OS LIVROS DA INFÂNCIA NUNCA ACABAM

READ DESTAQUE

Nas velhas estantes ou em cantos esquecidos da memória, existem pilhas de livrinhos aparentemente inocentes, mas muito profundos

Por Layse Barnabé de Moraes

Ilustrações: Akin Düzakin

Assim como a grande maioria das pessoas que escrevem, eu sempre gostei de ler. Desde muito nova, eu invadia a estante de livros de minha mãe… Nessas expedições, eu esbarrava em livros de adulto e todo um mundo ainda distante, em verso e em prosa, revelava-se para mim.
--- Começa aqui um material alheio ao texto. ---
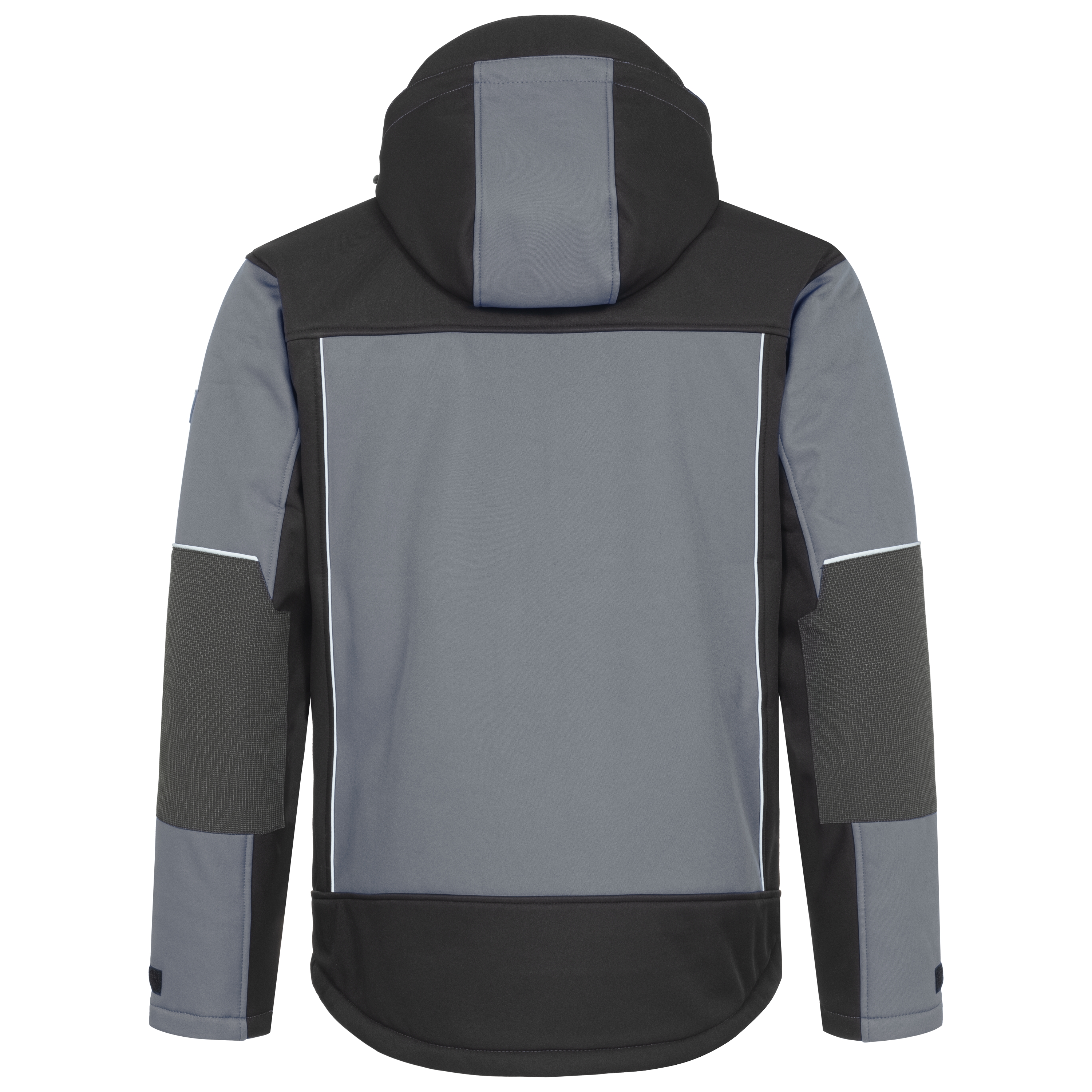MOTION TEX PLUS Winter-Softshelljacke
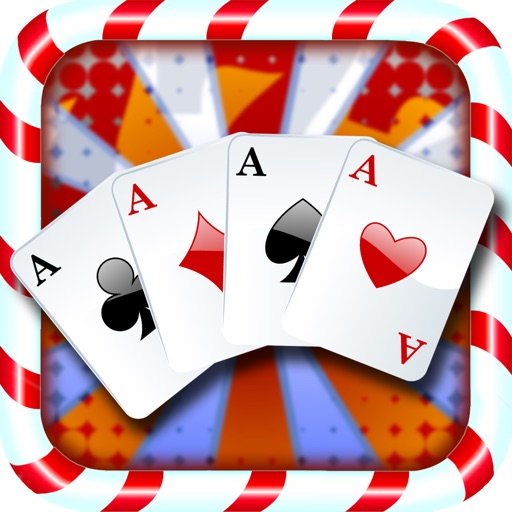 Card Shooter Classic - Casino Cards Magic Match Mania Icon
Ainda me lembro de quando vi na prateleira, pela primeira vez, a edição do finado Círculo do Livro de “O pequeno príncipe”, clássico de Saint Exupéry, que ainda hoje segue comigo (é certo que um pouco despedaçada).
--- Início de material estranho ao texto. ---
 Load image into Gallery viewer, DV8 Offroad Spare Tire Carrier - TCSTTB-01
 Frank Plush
Eu devia ter uns três anos e ainda não sabia ler aquele amontoado de palavras, mas havia algo naquele livro que me fez prometer em voz baixa: quando eu aprendesse a ler mesmo, de verdade, aquele seria o meu primeiro livro. E foi.

Depois de adultos, geralmente deixamos os livros infantis reservados ao tempo da infância. Fico pensando o que nos faz abandonar as seções infantis e infantojuvenis… O que nos faz abandonar essas histórias de poucas palavras, acompanhadas de cores e ilustrações?

O livro “A maior flor do mundo”, do escritor português José Saramago, único ganhador do Nobel em língua portuguesa, começa assim: “As histórias para crianças devem ser escritas com palavras muito simples, porque as crianças, sendo pequenas, sabem poucas palavras e não gostam de usá-las complicadas. Quem me dera saber escrever essas histórias, mas nunca fui capaz de aprender, e tenho pena. Além de ser preciso saber escolher as palavras, faz falta um certo jeito de contar, uma maneira muito certa e muito explicada, uma paciência muito grande – e a mim falta-me pelo menos a paciência, do que peço desculpa”.

Enquanto leitores, talvez falte a nós, os adultos, a simplicidade necessária para mergulhar no universo desses livros, como diz Saramago; ou é possível que seja algo ainda mais triste: talvez a gente tenha desaprendido a sensibilidade.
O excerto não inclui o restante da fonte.